If There's A Hell Below
Black Milk
Black Milk est épuisant. De productivité d'abord. De pertinence ensuite. Car parmi tout ce qu'il a pu sortir l'an dernier, il y a eu No Poison No Paradise. Et No Poison No Paradise, plus qu'un album parmi tant d'autres, c'est une véritable leçon de rap moderne dans la plus pure tradition de Détroit. Impeccablement construit, il était difficile de savoir où commençait le sample et où s'arrêtait la composition. Tout y était à sa place et chaque invité ajoutait judicieusement son grain de sel – les splendides interventions de Black Thought ou le Rhodes de Robert Glasper nous épargneront bien des dessins. Un carton tel qu'on ne pensait pas voir le emcee à nouveau transformer l'essai sur If There's A Hell Below, son septième LP solo. Pourtant, le disque se présente comme une nouvelle démonstration de force, à tel point qu'on se demande encore comment le reste du monde continue de pleurer le décès de J Dilla mais nie le talent d'un type qui, lui, est en passe d'accomplir ce que son parrain n'a pu achever de son vivant: devenir aussi bon MC que beatmaker.
Voilà déjà quelques albums que Curtis Cross empile les casquettes et les projets en autodidacte. C'est cette boulimie qui l'a naturellement conduit à concevoir la journée de 72 heures, mais aussi à se muter en producteur exécutif, comme s'il était le seul à savoir comment canaliser un flow bancal qui, au fil des projets, à su gagner en swing et en maturité.
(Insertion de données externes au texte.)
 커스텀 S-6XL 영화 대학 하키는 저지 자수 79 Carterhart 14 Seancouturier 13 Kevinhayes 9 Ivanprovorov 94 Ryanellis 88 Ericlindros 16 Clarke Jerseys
Il est donc peu étonnant de l'entendre ici s'essayer à d'autres sensibilités, de le voir entendre étendre sa zone géographique jusqu'au Texas, à New York et en Californie - coucou Bun B, Pete Rock et Blu tous venus poser quelques mesures racées. Cette ouverture, elle n'est pas sans conséquences sur la cohérence de If There's A Hell Below: elle consacre enfin Black Milk comme un véritable citoyen américain. Il n'est plus un simple natif de la Motor City peu désireux de s'affranchir de ses chapelles soul et électroniques. Et à ce titre, des titres comme "What It's Worth" ou "Gold Piece" s'offrent de savoureuses familiarités avec un autre autodidacte qu'on adore: cette canaille sudiste de Big K.R.I.T. Mais comme un album de Black Milk ne serait rien sans la famille, on y retrouve les usual suspects pour lui prêter main forte en studio. Ainsi, son frelon de toujours Ab et sa pouliche préférée Mel sont au rendez-vous, et plus surprenant cette fois, la paire Sean Price / Guilty Simpson est là elle aussi pour reformer le crew Random Axe le temps d'un titre. Une façon d'annoncer le retour aux affaires de l'un des super-groupes les plus sous-estimés du hip hop?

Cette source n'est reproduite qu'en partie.